Claudio Katz ha analizado también los acontecimientos desde una perspectiva que integra las dimensiones histórica, económica y geopolítica, y explora el carácter imperialista o no de la Federación Rusa de Putin en su artículo “¿Es Rusia una potencia imperialista?”, y más recientemente en “Desaciertos sobre el imperialismo contemporáneo”, desarrollando un posicionamiento muy fundamentado sobre el actual conflicto entre Moscú y Kiev que señala la gran responsabilidad de Washington y Bruselas, sin caer en una justificación de la invasión rusa, e intentando comprender las causas que la explican. Su aporte es muy útil para un «análisis concreto de la situación concreta» y, por tanto, para evitar incurrir en abstracciones y extrapolaciones de categorías o definiciones válidas para otros contextos históricos, pero que hoy no resultan adecuadas o viables.

Para comparar diferentes análisis desde posiciones de izquierda, puede leerse el reciente texto de Esteban Mercatante, “Rusia en el concierto de poder mundial, a la luz de la guerra de Ucrania”, publicado en La Izquierda Diario (puede ser consultado aquí); el dossier de Ideas de Izquierda La guerra en Ucrania y una convulsionada situación mundial” y el “Debate generado a partir de la Declaración de solidaridad con Ucrania”, publicado por Herramienta.

Por desgracia, la guerra de Ucrania ha despistado y dividido bastante a las izquierdas. Una parte adoptó una posición campista prorrusa y antiyanqui, como una especie de inercia de la guerra fría. Otra parte se alineó con Ucrania sin ruborizarse, desde un antiimperialismo de doble vara que carga todas las tintas en Putin, ignora olímpicamente a la OTAN y lava la cara al régimen de Kiev, no menos burgués, chovinista, autoritario y anticomunista que el de Moscú (Zelenski, en sintonía con las políticas de descomunización de su predecesor Poroshenko, ha proscripto, censurado y perseguido a los partidos de izquierda, con acusaciones de derrotismo, rusofilia entreguista, quintacolumnismo y traición a la patria totalmente infundadas).

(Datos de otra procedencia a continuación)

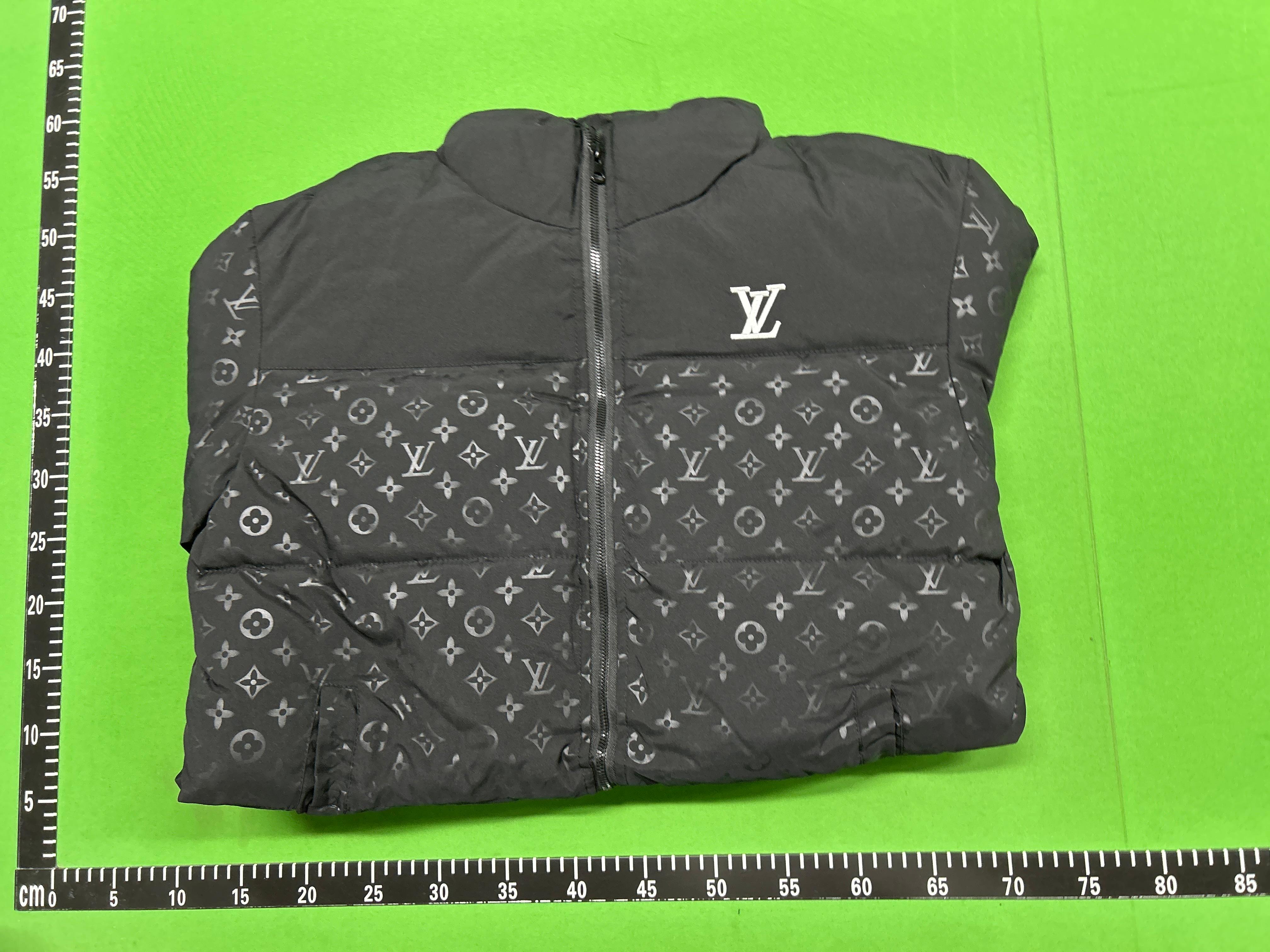 Foto QC 1 de Louis Vuitton Monogram Trucker Jacket Denim Grey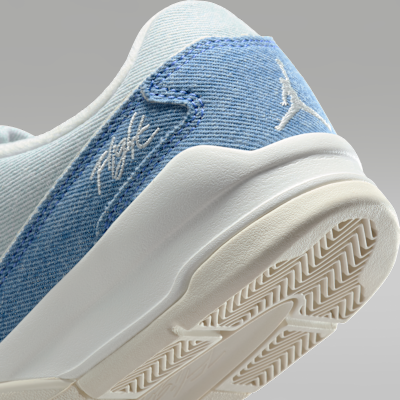 Jordan Flight Court SE Women's Shoes. Nike AT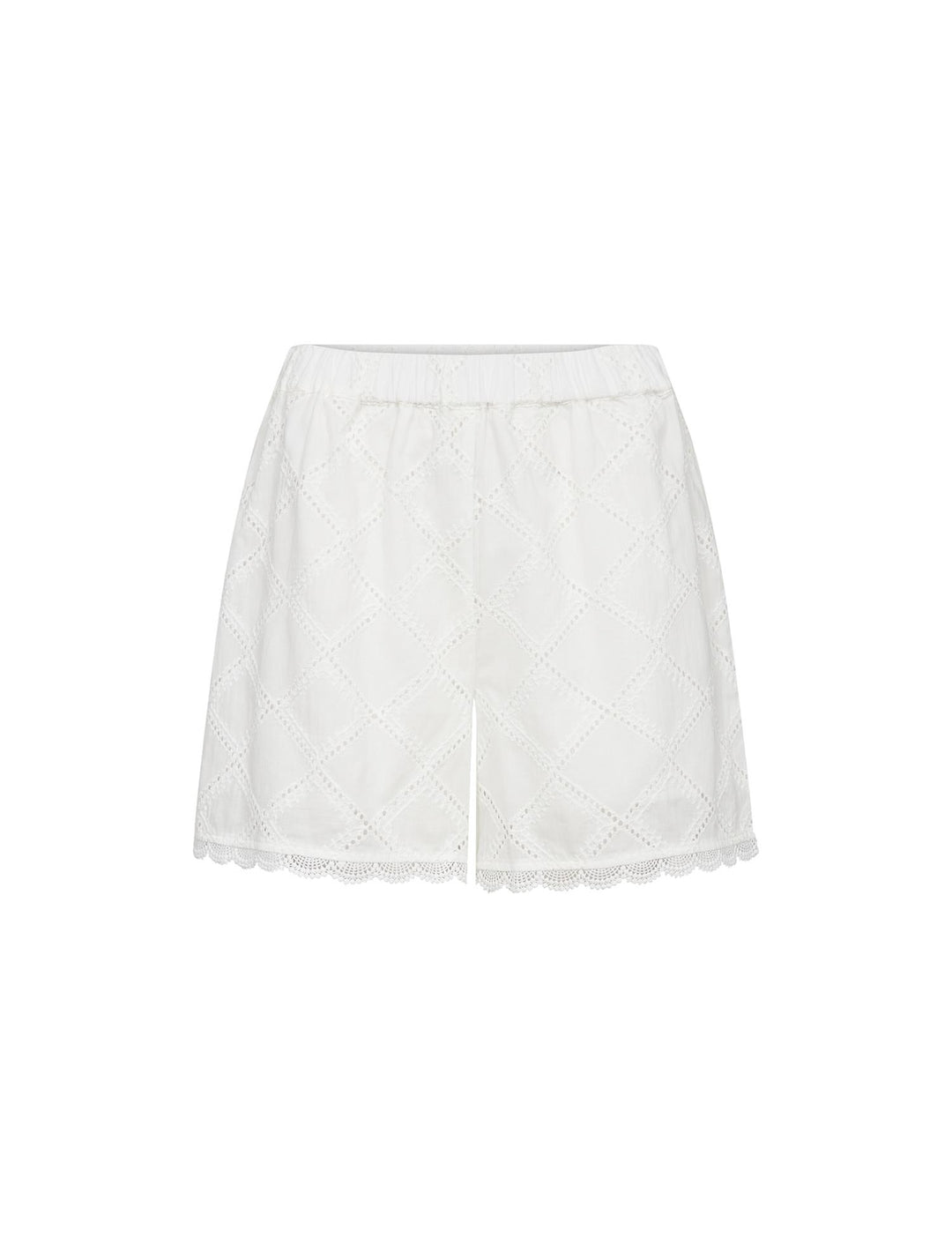 Hvite broderte shorts med geometrisk mønster og bølgekant, frontsett på hvit bakgrunn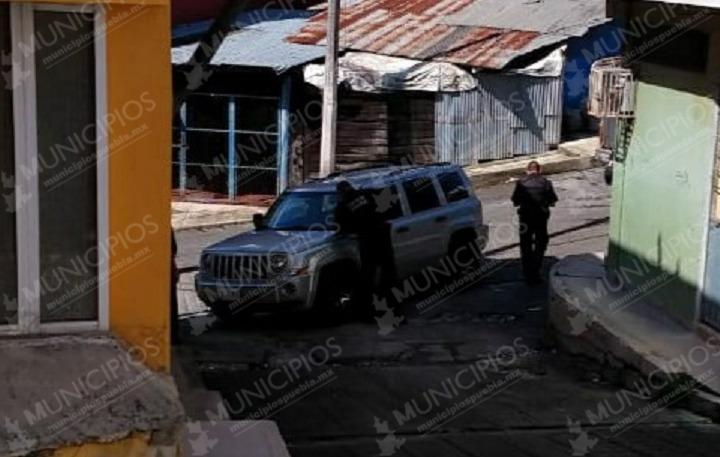 Balean a propietario de camioneta Patriot en Huauchinango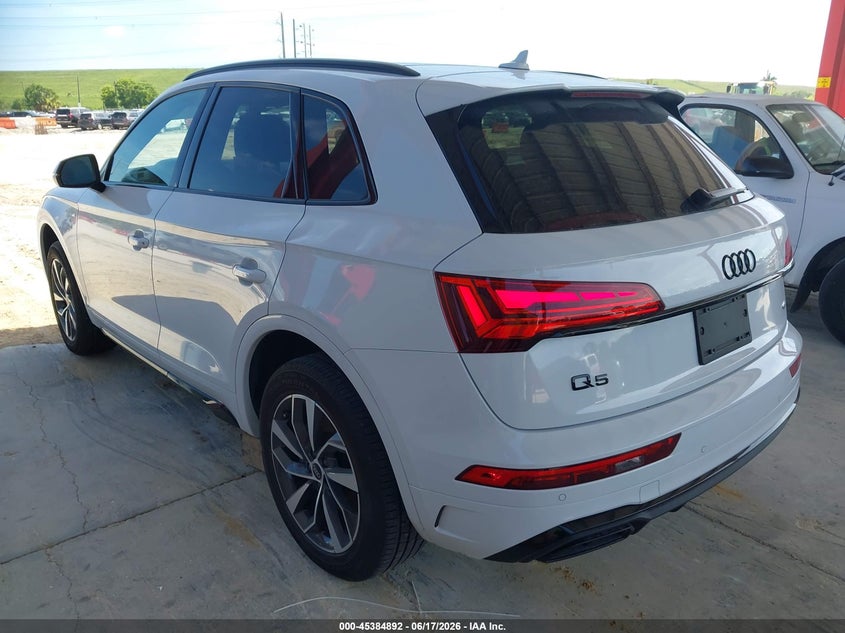 2024 Audi Q5 VIN WA1GAAFY2R2129934 IAAI salvage auction — SIDE, Salvage Title, sold $18,500 on 2026-08-07 (photo 3)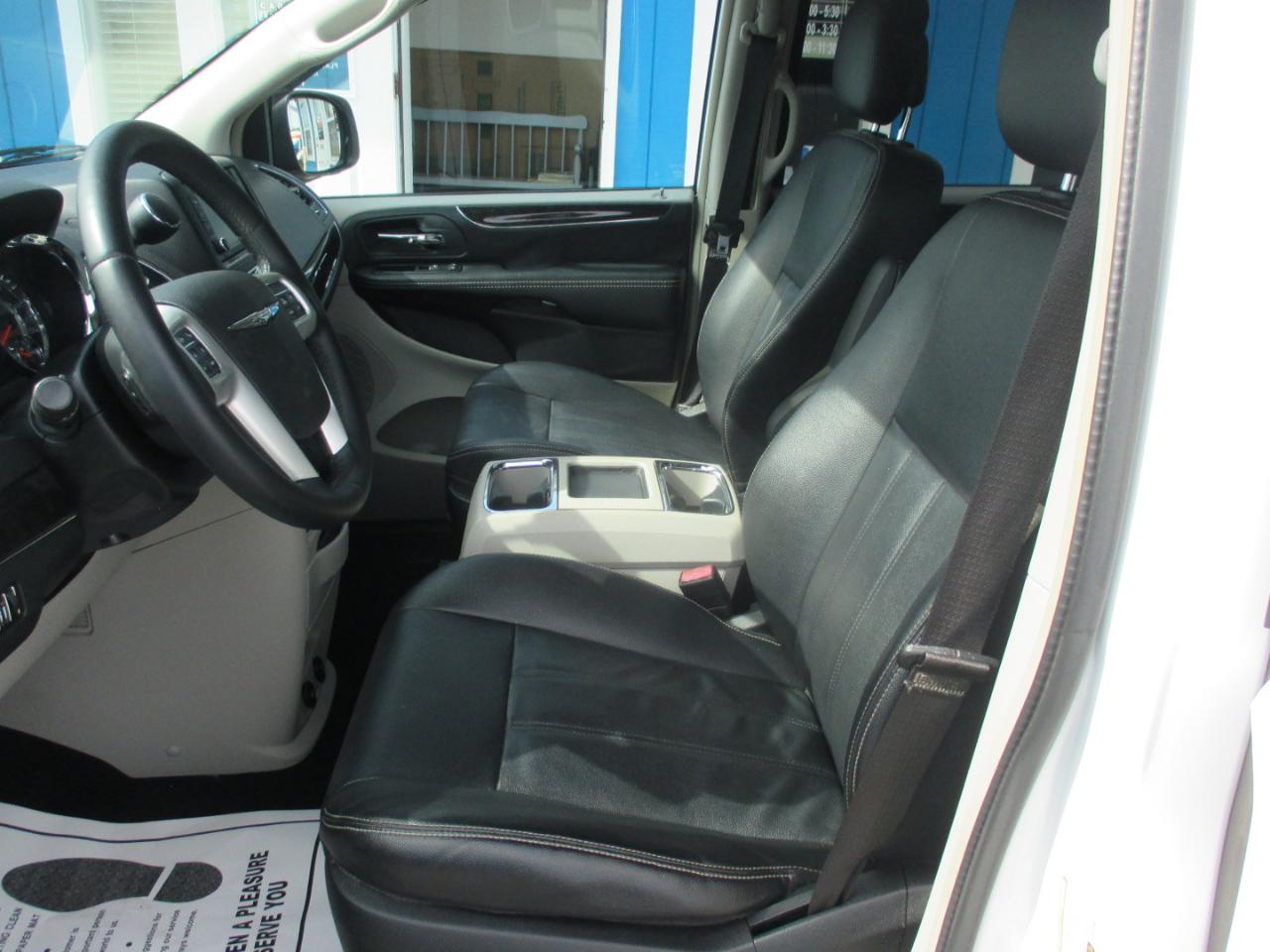 Chrysler Town & Country 4dr Wgn Touring 2016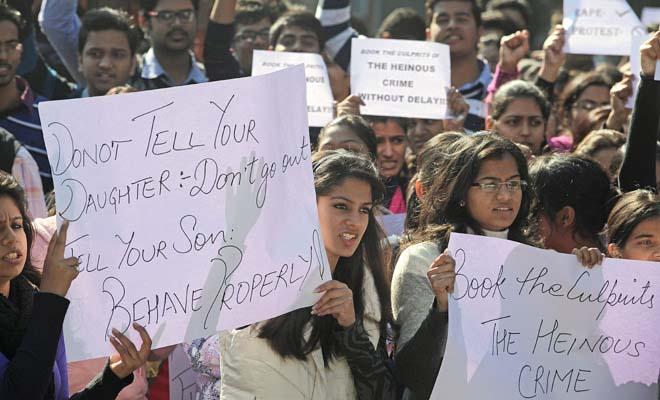 दिल्ली सामूहिक बलात्कारप्रकरणी अल्पवयीन आरोपीचा निकाल लांबणीवर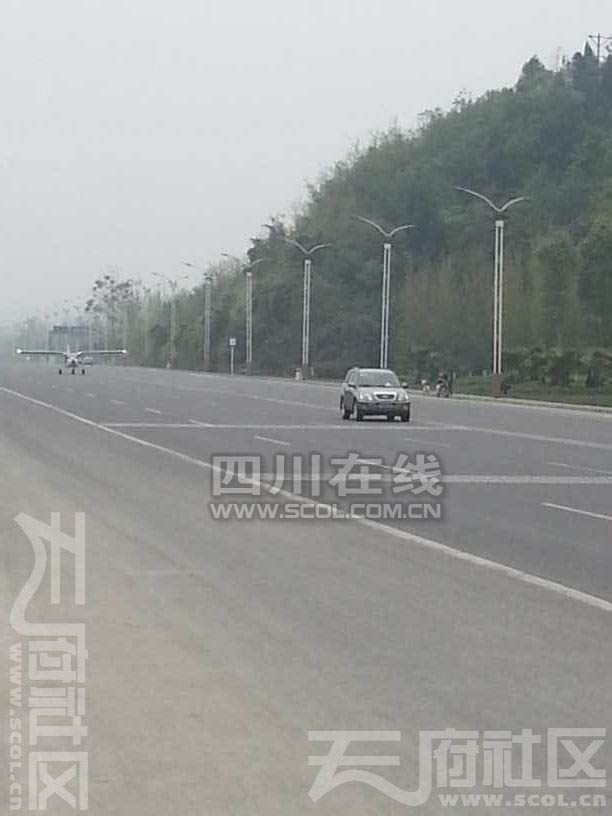 В провинции Сычуань самолет приземлился на территорию заправочной станции (14)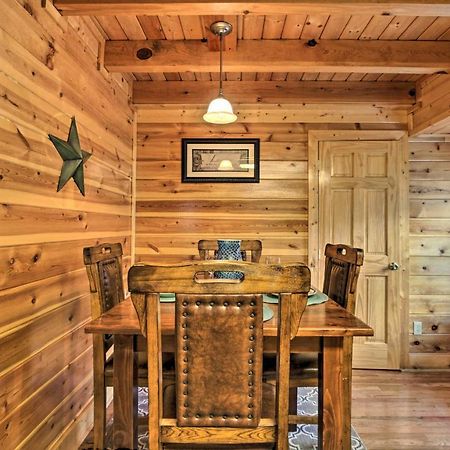 Romantic Cabin With Hot Tub In Pigeon Forge! Экстерьер фото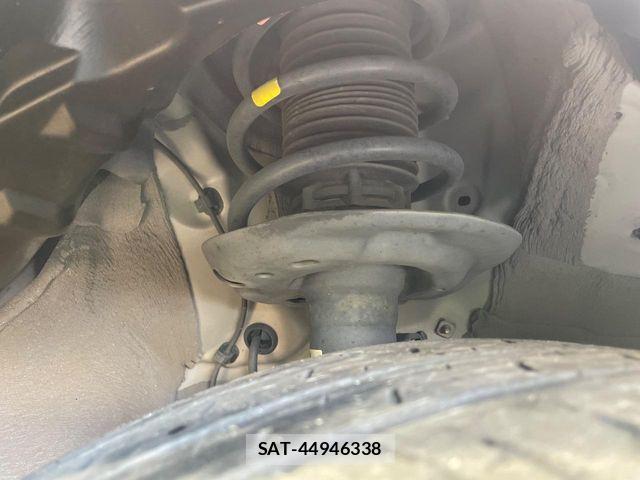 Toyota YARIS 2021-08 7621672-19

Por suerte, sectores trotskistas y anarquistas consecuentes con el internacionalismo han atinado a condenar por igual la invasión rusa y la injerencia otanista, aunque, por lo general, con escaso conocimiento concreto de la situación económico-social y política existente dentro de Ucrania, un apriorismo ideológico que los ha llevado a construir castillos en el aire a partir de algunos atisbos marginales de lucha de clases en dicho país (básicamente, apostar por la creación de guerrillas o milicias revolucionarias de liberación nacional, autónomas respecto al gobierno de Kiev y la OTAN, algo totalmente irrealista en las actuales condiciones, que no son precisamente las del Kurdistán sirio, donde la izquierda revolucionaria era muy fuerte y donde la orografía montañosa facilitaba la lucha de insurgencia).

La dimensión geopolítica es obviamente indispensable para comprender lo que sucede, pero no lo son menos los cambios acaecidos dentro de Ucrania y que han proporcionado, a la vez, una excusa al gobierno ruso y apoyos internos a la invasión: la revuelta del Maidán, el auge del nacionalismo étnico, el peso de la ultraderecha (minoritaria electoralmente pero fundamental para las acciones militares en el Donbás, luego de que las tropas del ejército ucraniano mostraran poca disposición para atacar a los separatistas), los ocho años de guerra en el este, la anexión sin resistencia de Crimea, las diferencias culturales, religiosas y lingüísticas entre la Ucrania del este y del oeste. Al respecto es recomendable la lectura de libro de Argemino Barro Una historia de Rus. La guerra en el este de Ucrania (LHG, 2020), que, además de radiografiar el conflicto ruso-ucraniano en su candente actualidad y sus antecedentes cercanos, lo sitúa en una amplia panorámica histórica que se remonta hasta la URSS, el imperio zarista y el Medioevo (hay viejos rencores que no deben ser exagerados, pero tampoco minimizados, como la conquista y rusificación de Ucrania por los Romanov, el Holodomor estalinista, el colaboracionismo de Bandera con los nazis y la cesión rusa de Crimea a Ucrania por Kruschev).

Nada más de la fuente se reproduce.